Rev 2640: Add a key_count method to GraphIndex and friends, allowing optimisation of length calculations by the index. in http://people.ubuntu.com/~robertc/baz2.0/index
Robert Collins
robertc at robertcollins.net
Tue Aug 7 06:44:33 BST 2007
At http://people.ubuntu.com/~robertc/baz2.0/index
------------------------------------------------------------
revno: 2640
revision-id: robertc at robertcollins.net-20070807054430-65ige2n2869mp7t4
parent: robertc at robertcollins.net-20070803070942-1lrseqr6ligvrtrk
committer: Robert Collins <robertc at robertcollins.net>
branch nick: index
timestamp: Tue 2007-08-07 15:44:30 +1000
message:
Add a key_count method to GraphIndex and friends, allowing optimisation of length calculations by the index.
modified:
bzrlib/index.py index.py-20070712131115-lolkarso50vjr64s-1
bzrlib/tests/test_index.py test_index.py-20070712131115-lolkarso50vjr64s-2
=== modified file 'bzrlib/index.py'
--- a/bzrlib/index.py 2007-08-03 07:09:42 +0000
+++ b/bzrlib/index.py 2007-08-07 05:44:30 +0000
@@ -34,6 +34,7 @@
from bzrlib import debug, errors
_OPTION_KEY_ELEMENTS = "key_elements="
+_OPTION_LEN = "len="
_OPTION_NODE_REFS = "node_ref_lists="
_SIGNATURE = "Bazaar Graph Index 1\n"
@@ -69,6 +70,7 @@
:param key_elements: The number of bytestrings in each key.
"""
self.reference_lists = reference_lists
+ self._keys = set()
self._nodes = {}
self._nodes_by_key = {}
self._key_length = key_elements
@@ -109,6 +111,7 @@
if key in self._nodes and self._nodes[key][0] == '':
raise errors.BadIndexDuplicateKey(key, self)

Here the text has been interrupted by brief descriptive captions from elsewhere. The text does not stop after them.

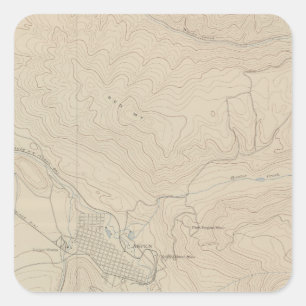 Aspen District Square Sticker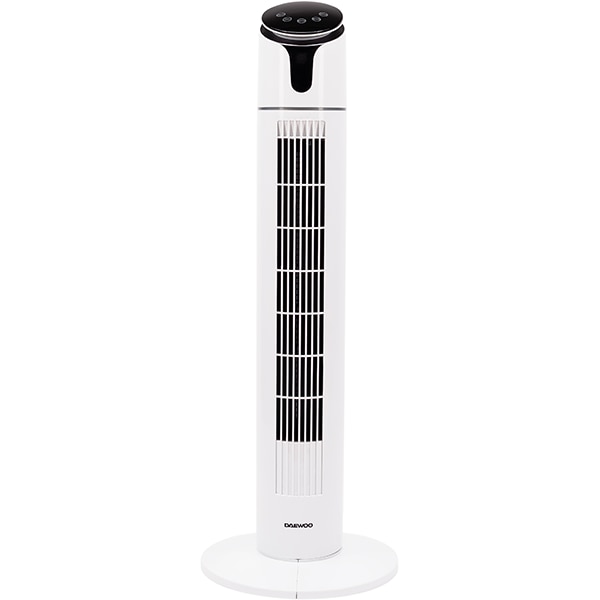 Ventilator turn DAEWOO DDV200, 3 trepte de viteza, 55W, alb-negru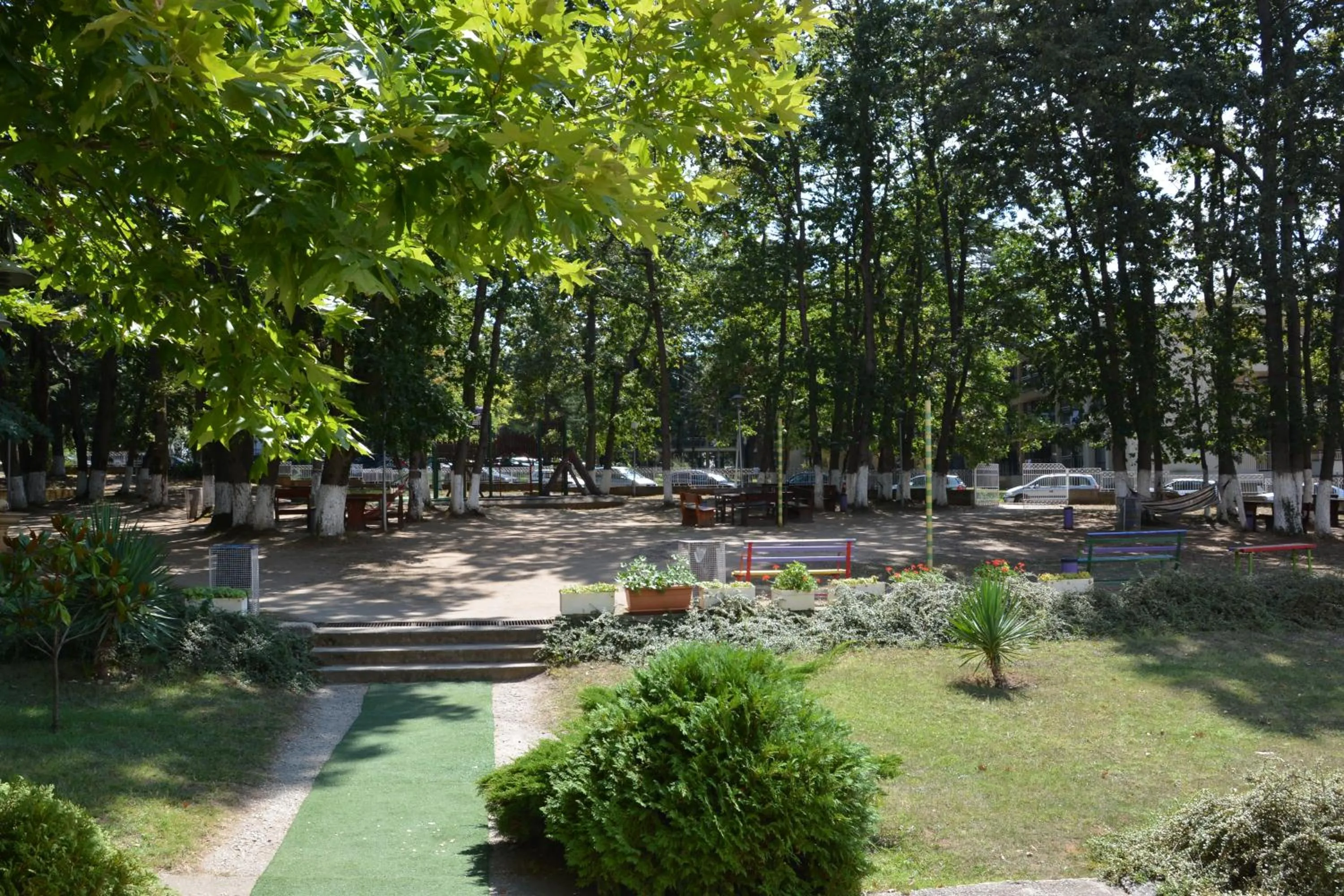 Garden in Atliman Beach Park Hotel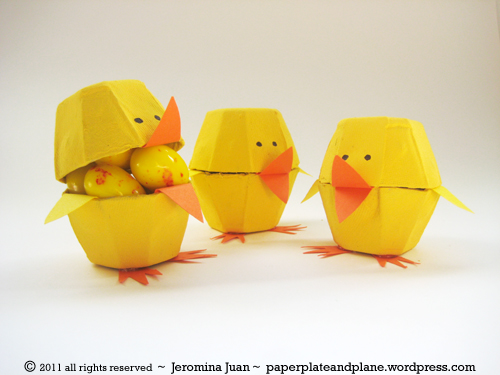 Egg-Carton Easter Crafts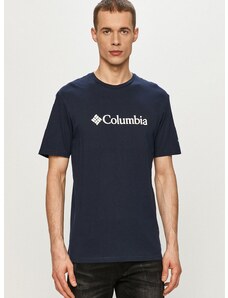 Majica kratkih rukava Columbia za muškarce, boja: tamno plava, s tiskom, 1680053-014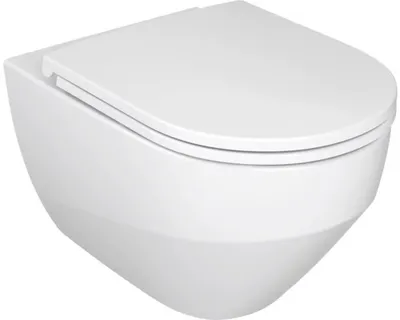 Obrázok produktu pre Závesné WC set RAVAK Zante bez splachovacieho kruhu biela vr. WC dosky X01866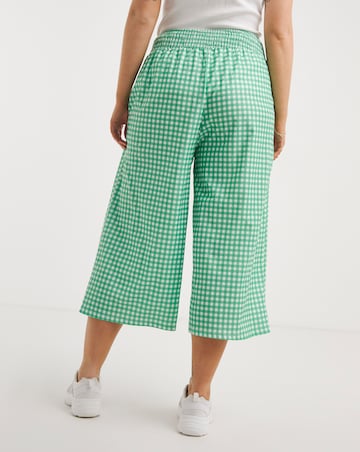 Gingham Textured Jersey Culotte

self._nodes[key] = ('', tuple(node_refs), value)
+ self._keys.add(key)
if self._key_length > 1:
key_dict = self._nodes_by_key
if self.reference_lists:
@@ -127,6 +130,7 @@
lines = [_SIGNATURE]
lines.append(_OPTION_NODE_REFS + str(self.reference_lists) + '\n')
lines.append(_OPTION_KEY_ELEMENTS + str(self._key_length) + '\n')
+ lines.append(_OPTION_LEN + str(len(self._keys)) + '\n')
prefix_length = sum(len(x) for x in lines)
# references are byte offsets. To avoid having to do nasty
# polynomial work to resolve offsets (references to later in the
@@ -236,6 +240,7 @@
self._transport = transport
self._name = name
self._nodes = None
+ self._key_count = None
self._keys_by_offset = None
self._nodes_by_key = None
@@ -302,6 +307,7 @@
for subkey in key[:-1]:
key_dict = key_dict.setdefault(subkey, {})
key_dict[key[-1]] = key_value
+ # cache the keys for quick set intersections
self._keys = set(self._nodes)
if trailers != 1:
# there must be one line - the empty trailer line.
@@ -343,6 +349,13 @@
self._key_length = int(options_line[len(_OPTION_KEY_ELEMENTS):-1])
except ValueError:
raise errors.BadIndexOptions(self)
+ options_line = stream.readline()
+ if not options_line.startswith(_OPTION_LEN):
+ raise errors.BadIndexOptions(self)
+ try:
+ self._key_count = int(options_line[len(_OPTION_LEN):-1])
+ except ValueError:
+ raise errors.BadIndexOptions(self)
def iter_entries(self, keys):
"""Iterate over keys within the index.
@@ -438,6 +451,16 @@
# the last thing looked up was a terminal element
yield (self, ) + key_dict
+ def key_count(self):
+ """Return an estimate of the number of keys in this index.
+
+ For GraphIndex the estimate is exact.
+ """
+ if self._key_count is None:
+ # really this should just read the prefix
+ self._buffer_all()
+ return self._key_count
+
def _signature(self):
"""The file signature for this index type."""
return _SIGNATURE
@@ -544,6 +567,16 @@
seen_keys.add(node[1])
yield node
+ def key_count(self):
+ """Return an estimate of the number of keys in this index.
+
+ For CombinedGraphIndex this is approximated by the sum of the keys of
+ the child indices. As child indices may have duplicate keys this can
+ have a maximum error of the number of child indices * largest number of
+ keys in any index.
+ """
+ return sum((index.key_count() for index in self._indices), 0)
+
def validate(self):
"""Validate that everything in the index can be accessed."""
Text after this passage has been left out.